** WHAT THE TASK ASKS **
Without any of the pictures, transcribe all the lines below exactly.

** INFORMATION SUPPLIED **

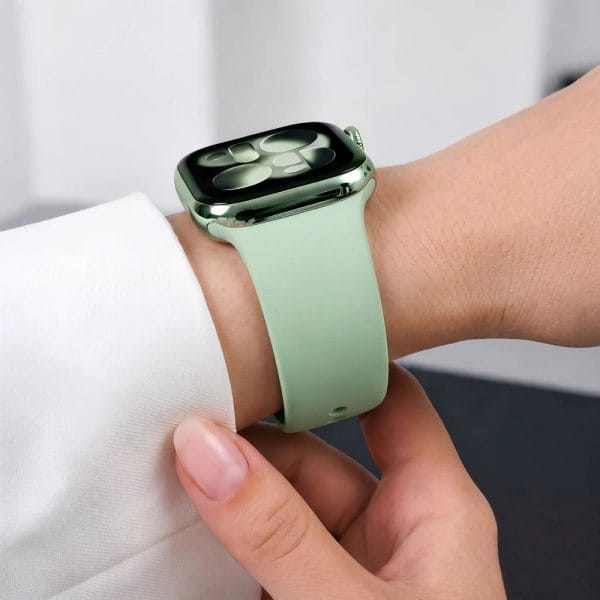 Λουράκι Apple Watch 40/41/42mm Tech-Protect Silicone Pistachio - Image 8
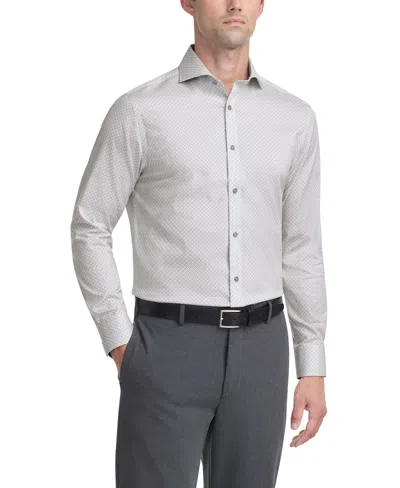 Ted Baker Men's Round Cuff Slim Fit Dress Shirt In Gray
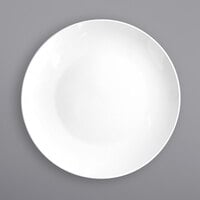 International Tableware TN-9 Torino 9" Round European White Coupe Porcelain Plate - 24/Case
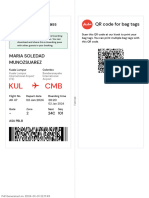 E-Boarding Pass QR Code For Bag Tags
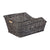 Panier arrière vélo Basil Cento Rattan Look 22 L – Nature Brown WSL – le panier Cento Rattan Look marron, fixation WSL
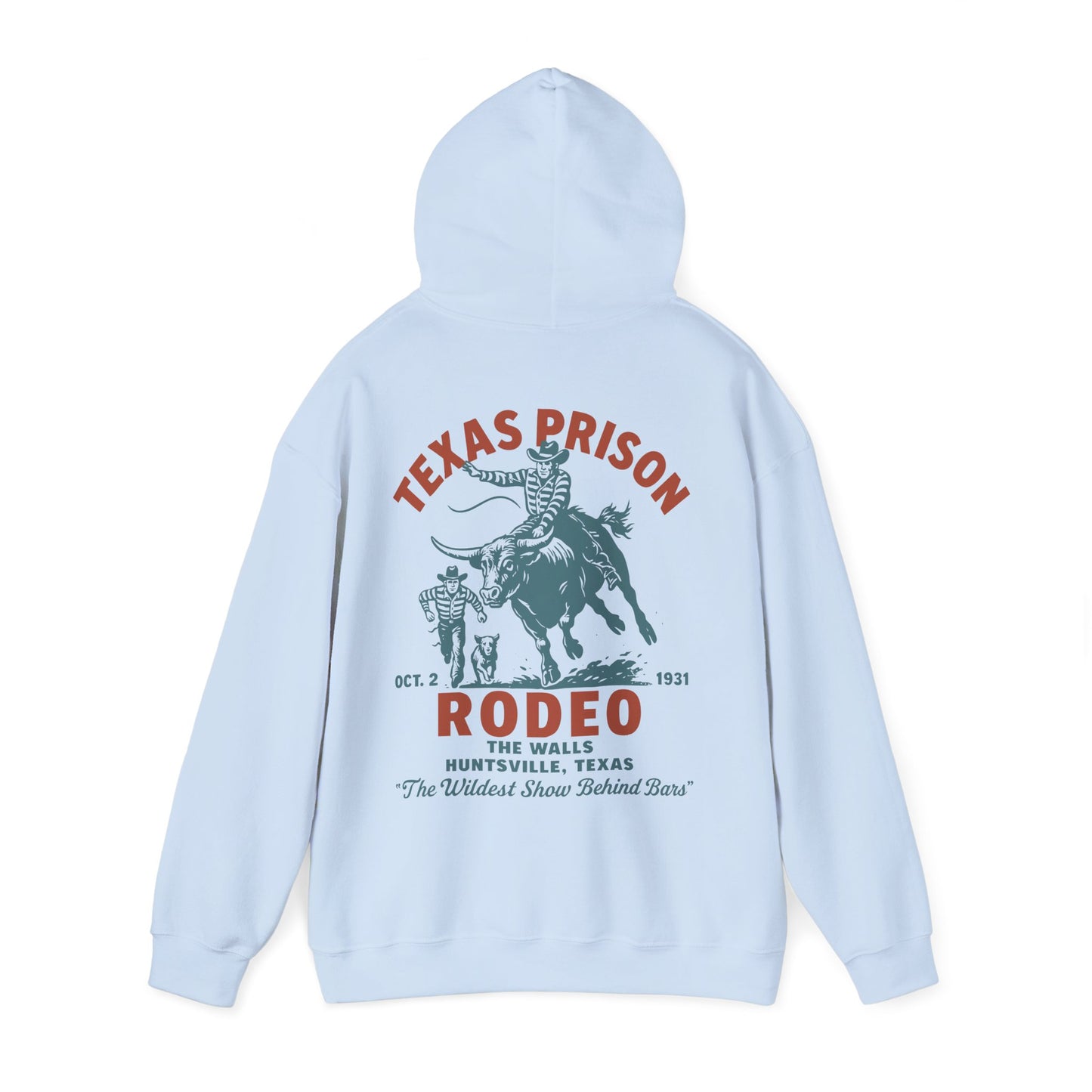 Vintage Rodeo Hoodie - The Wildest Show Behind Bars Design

** WRITTEN RESPONSE **
 Λουράκι Apple Watch 40/41/42mm Tech-Protect Silicone Pistachio - Image 8
 Ted Baker Men's Round Cuff Slim Fit Dress Shirt In Gray
 International Tableware TN-9 Torino 9" Round European White Coupe Porcelain Plate - 24/Case
 E-Boarding Pass QR Code For Bag Tags
 Panier arrière vélo Basil Cento Rattan Look 22 L – Nature Brown WSL – le panier Cento Rattan Look marron, fixation WSL
 Vintage Rodeo Hoodie - The Wildest Show Behind Bars Design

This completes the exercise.